WHAT IS EXPECTED »
Under this line is some data; print exactly the lines from the one containing "MO license plate OL2G8Y" through its last line, without pictures.

RECORD SET »
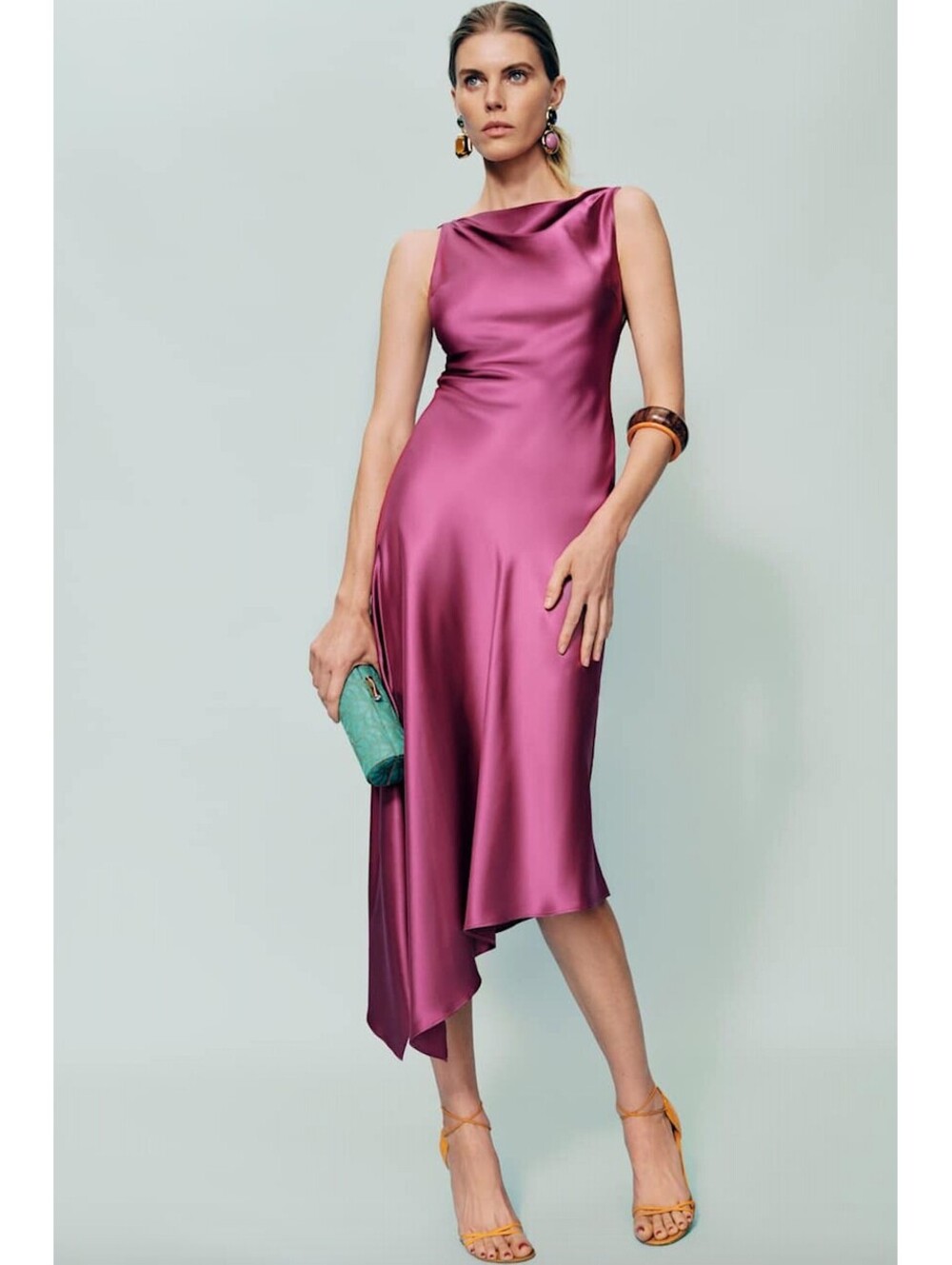 100% Silk Reformation Scotia Silk Dress XS stunning midi-length dress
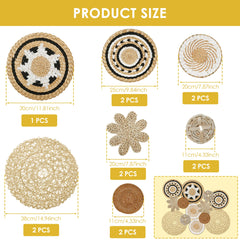 Handcrafted Wall Basket Decor Set Decorative Enduring Woven Basket Wall Decor for Home Bedroom Living Room Wall Basket Decor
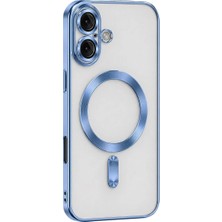 Uravas Store Iphone 16 Kılıf Kross Magneticsafe Kapak - Sierra Blue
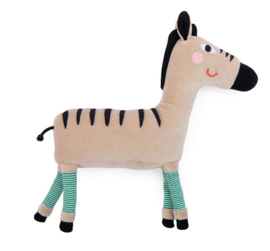 Moulin Roty knuffel rammelaar Les Toupitis | zebra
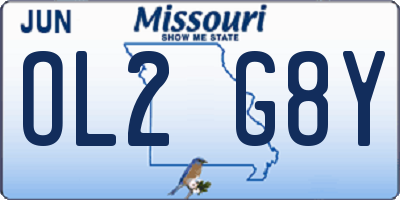 MO license plate OL2G8Y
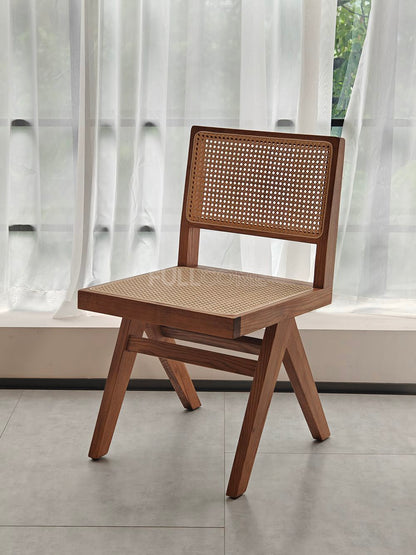 The Trestle Cane Side Chair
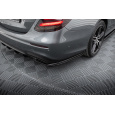 Maxton Design boční difuzory pod zadní nárazník pro Mercedes třída E W213/Sedan/AMG-Line, černý lesklý plast ABS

TASK RESULT »
 MO license plate OL2G8Y
 The Trestle Cane Side Chair
 Maxton Design boční difuzory pod zadní nárazník pro Mercedes třída E W213/Sedan/AMG-Line, černý lesklý plast ABS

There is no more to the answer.